Once upon a time, there were two carpenters; framers to be precise. Each day they would arrive at the building site to pound nails, erect walls. The first, a glum man, was asked what he was doing. “I hammer nails,” he replied, looking sour. “Every day, hammer nails and more nails. Day in, day out, hammering nails. I hammer nails; I get paid.” His was a monochrome life.
The second carpenter was posed the same question. His eyes were alive as he drove each nail and erected a wall and put it in place. “I’m building a hospital!” he exclaimed. “In this hospital, people of our town will have access to the latest medical care.”
The seemingly mundane, repetitive activities of the day to day can drone us to sleep to the reality of the work and the presence of God in each task and moment. It is so easy to become focused on the single event or action and lose sight of its importance in the BIG picture. For example, in our home laundry seems to appear mysteriously. Even at those moments when I breathe a sigh of relief as the last load is taken from the dryer, I often discover yet another load or two to be done. It’s not rocket science or saving humanity from a plague or calamity. It’s open the lid, start the machine, add the detergent and the clothes, close the lid and wait to put them in the dryer. Repeat.
However, in this seemingly never-ending process, there is a meaning to it as well. Just as significant as building a hospital or a space shuttle it is a gift towards a small community of love, my family. In doing the laundry, I am taking care of a task that needs to be done, one which contributes to the well-being of my family. It is part of a collaborative effort that we as a family build a healthy micro-community. A community where the youngest to the oldest is valued, and honored in their contribution (big or small) to making our family function in love.
This not only happens within our homes but in our places of employment. Can we see that even the most repetitive task, when done as an act of love, can contribute to the mission of our “company community” which will provide jobs and homes for our fellow employees, and products and services to help others in their day to day? More so, if we can see the significance of each task as an opportunity to demonstrate genuine, selfless love in our workplaces, they become like nails in the studs of the walls of the Kingdom of God.
This is not without spiritual significance. In learning to love one another, sharing with one another and serving one another, we are becoming a living proclamation of the Kingdom of God. We become people who choose love over self-centredness, and this in itself demonstrates “the manifold wisdom of God might now be made known through the church (read family, community) to the rulers and the authorities in the heavenly places.” Ephesians 3:10. They will know you are my followers because you love one another! (John 13:35)
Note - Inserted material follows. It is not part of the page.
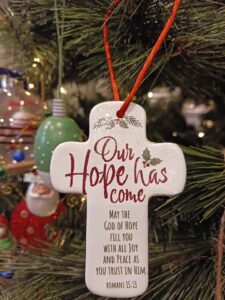This ornament was given to each guest at our Season of Hope Christmas event!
Living a spirituality of “everyday life” is going through the motions of work and parenting with a vision of the big picture, the hospital building. If we can see the cleaning up, the laundry, the “parent taxi service,” the time for being family, and so on, as the nails in the studs which will build the Hospital, it is easy to have a spirituality of “everyday life.”
None of this will make any real sense to us unless we learn to see Jesus present with us in even the most mundane tasks and situations. Ask the Father for the grace to experience His love in whatever situation seems driest to you. Ask for the grace to see Him in the every moment of every day, in your home, workplace and the related tasks of each. Then be aware, watch and see what God does while remembering that every task we do for love’s sake is another nail in the walls which will build the Kingdom of God, another step towards “your Kingdom come on earth as it is in Heaven!”